Dr Molly Scott Cato – a Green Party MEP and economist – has called for a Europe-wide VAT exemption for businesses with a turnover of less than €100,000.
An EU VAT regulation came into effect on 1 January 2015 to curb widespread tax evasion by multinational corporations – but critics say the new put too large an administrative burden on smaller businesses.
The changes mean VAT on digital products sold in the EU will be chargeable in the place of purchase rather than the place of supply, meaning SMEs must now collect VAT from up to 28 different EU states at around 75 different rates.
Dr Cato has criticised the government for not adequately preparing small businesses for the new rules.
Dr Cato said:
“Many who run micro businesses or are sole traders are telling me that the new rules make their business unviable. It is tragic that the entrepreneurial approach shown by so many should be undermined by a policy which, while having laudable aims, has such serious flaws.”
HMRC have already made one concession, agreeing in December that businesses who can separate their UK sales would only have to pay VAT on their cross border EU sales.
But many do not think this is enough.
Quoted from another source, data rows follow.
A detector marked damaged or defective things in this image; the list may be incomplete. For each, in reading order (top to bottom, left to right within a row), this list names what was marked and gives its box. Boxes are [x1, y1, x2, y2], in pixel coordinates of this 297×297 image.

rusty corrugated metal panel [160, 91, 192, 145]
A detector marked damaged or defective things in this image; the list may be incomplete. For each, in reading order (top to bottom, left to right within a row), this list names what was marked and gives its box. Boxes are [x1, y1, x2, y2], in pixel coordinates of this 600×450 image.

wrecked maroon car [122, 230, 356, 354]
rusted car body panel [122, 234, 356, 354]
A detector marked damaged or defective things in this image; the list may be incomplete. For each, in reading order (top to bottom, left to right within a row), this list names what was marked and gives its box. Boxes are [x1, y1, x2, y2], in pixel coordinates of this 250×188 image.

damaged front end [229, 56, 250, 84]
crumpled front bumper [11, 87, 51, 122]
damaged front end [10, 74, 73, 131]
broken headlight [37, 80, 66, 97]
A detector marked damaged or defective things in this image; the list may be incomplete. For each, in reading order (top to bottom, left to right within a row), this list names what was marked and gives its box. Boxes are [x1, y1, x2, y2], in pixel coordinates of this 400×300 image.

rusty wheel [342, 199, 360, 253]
An online petition, with over 22,500 signatories at the time of writing, demands that the UK VAT threshold be applied to all EU sales.
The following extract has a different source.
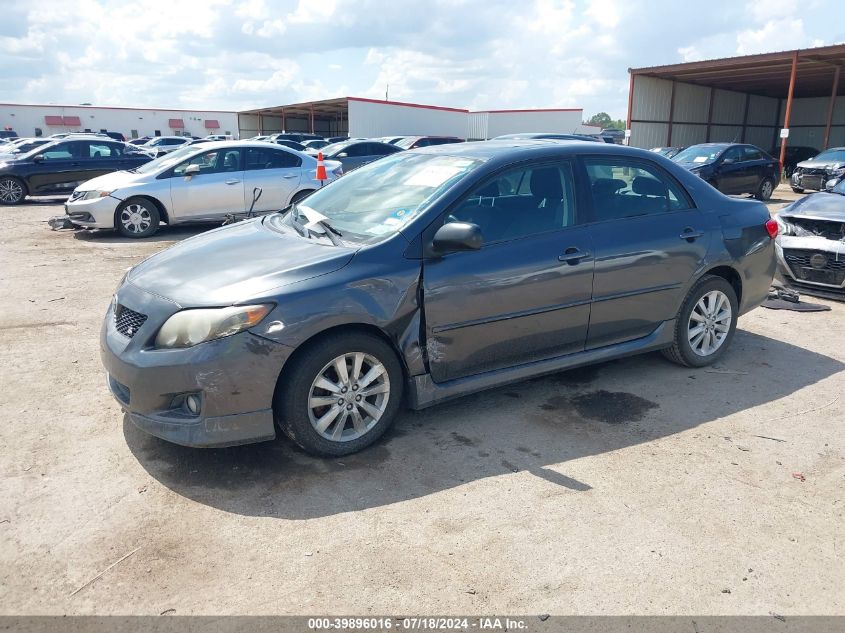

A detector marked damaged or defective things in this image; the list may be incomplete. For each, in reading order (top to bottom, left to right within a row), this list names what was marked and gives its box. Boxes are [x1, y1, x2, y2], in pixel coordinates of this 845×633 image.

damaged gray sedan [780, 177, 844, 298]
crumpled front bumper [100, 278, 294, 446]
This would mean that companies with an annual turnover less than £81,000 (~€100,000) would be exempt from paying VAT on any of their sales, cross-border or otherwise.
Dr Cato said:
“It seems to me that the simplest way out of this situation, and for these businesses selling digital products to continue to be viable, is to allow countries the option of introducing an exemption for businesses with a turnover of less than €100,000.”